BEGIN Records provided

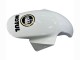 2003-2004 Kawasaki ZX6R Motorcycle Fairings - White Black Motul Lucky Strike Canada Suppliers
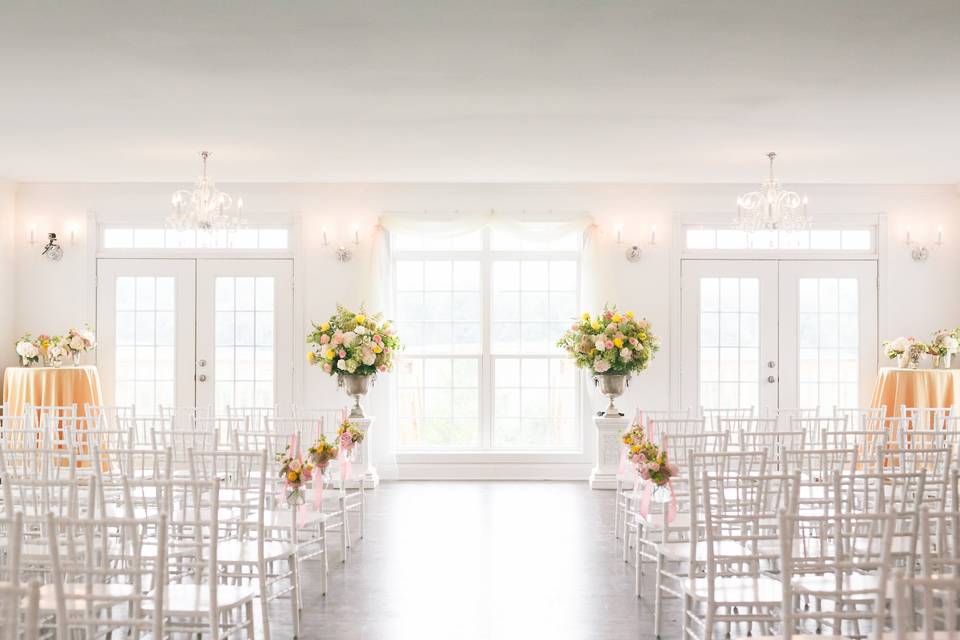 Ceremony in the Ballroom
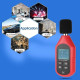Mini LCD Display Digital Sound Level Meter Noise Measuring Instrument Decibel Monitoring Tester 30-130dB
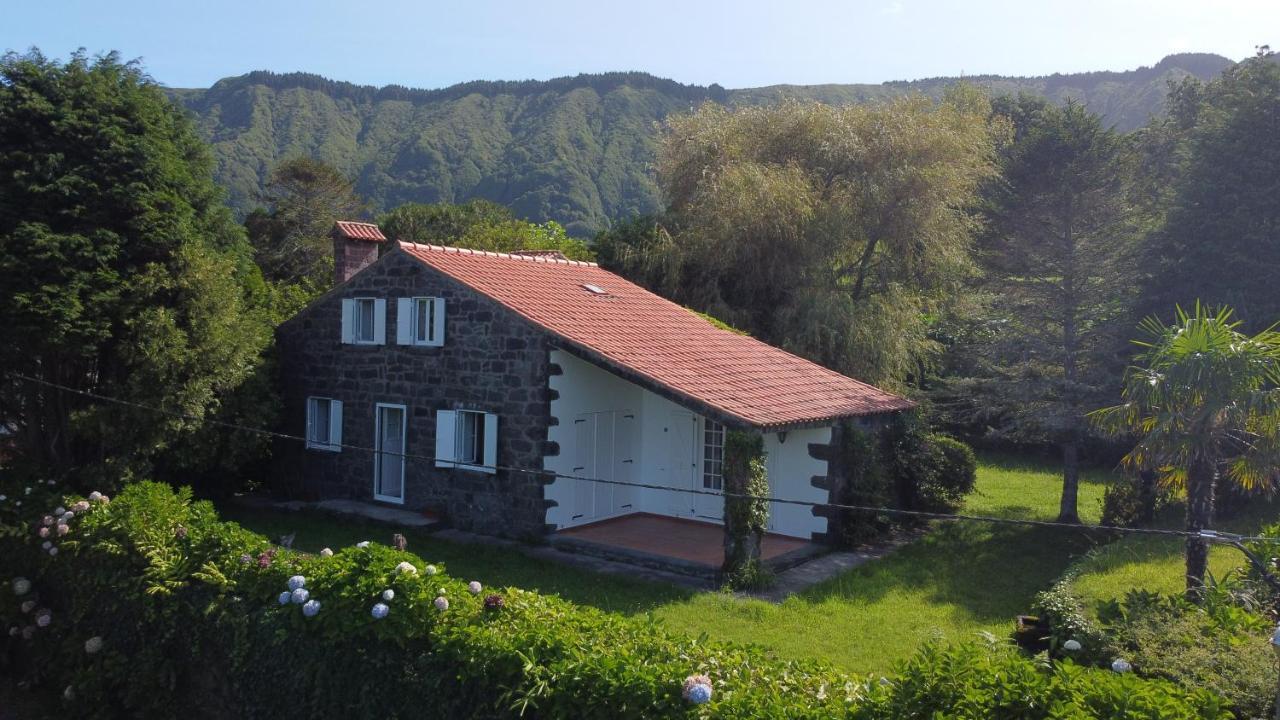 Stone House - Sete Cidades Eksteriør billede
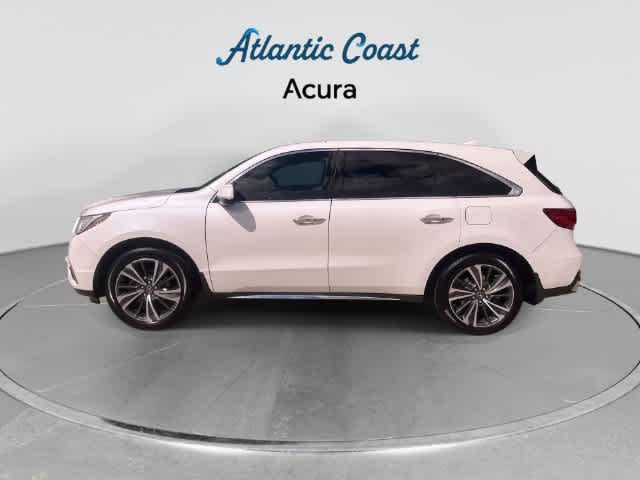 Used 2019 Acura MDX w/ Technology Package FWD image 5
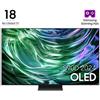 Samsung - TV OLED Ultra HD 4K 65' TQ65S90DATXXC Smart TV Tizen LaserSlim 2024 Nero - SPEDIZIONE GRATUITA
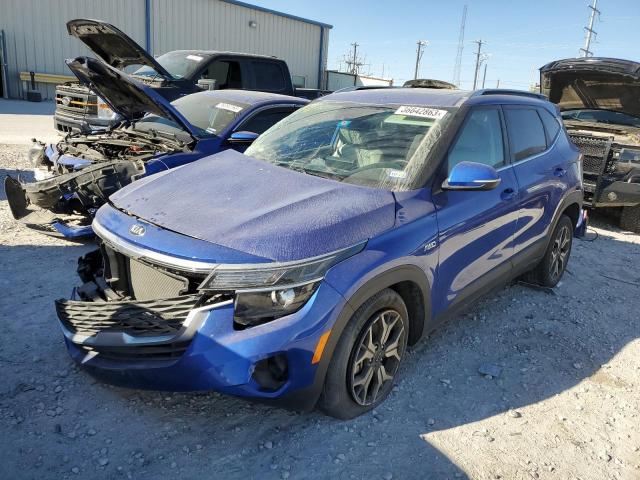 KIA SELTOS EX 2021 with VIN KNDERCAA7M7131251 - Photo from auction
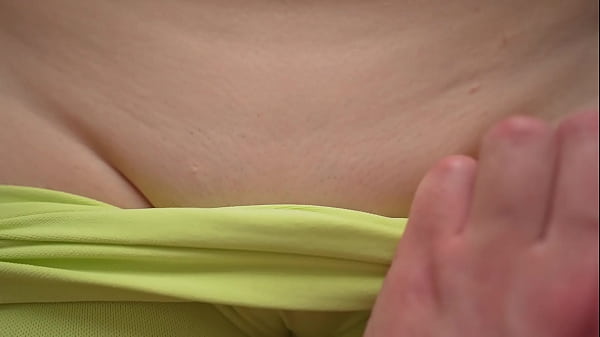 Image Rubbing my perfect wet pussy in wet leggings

END Records provided

_Problem statement_
An exact copy of all the lines above is required, with the pictures removed.

_Response area_
 2003-2004 Kawasaki ZX6R Motorcycle Fairings - White Black Motul Lucky Strike Canada Suppliers
 Ceremony in the Ballroom
Mini LCD Display Digital Sound Level Meter Noise Measuring Instrument Decibel Monitoring Tester 30-130dB
 Stone House - Sete Cidades Eksteriør billede
 Used 2019 Acura MDX w/ Technology Package FWD image 5
 Samsung - TV OLED Ultra HD 4K 65' TQ65S90DATXXC Smart TV Tizen LaserSlim 2024 Nero - SPEDIZIONE GRATUITA
 KIA SELTOS EX 2021 with VIN KNDERCAA7M7131251 - Photo from auction
 Image Rubbing my perfect wet pussy in wet leggings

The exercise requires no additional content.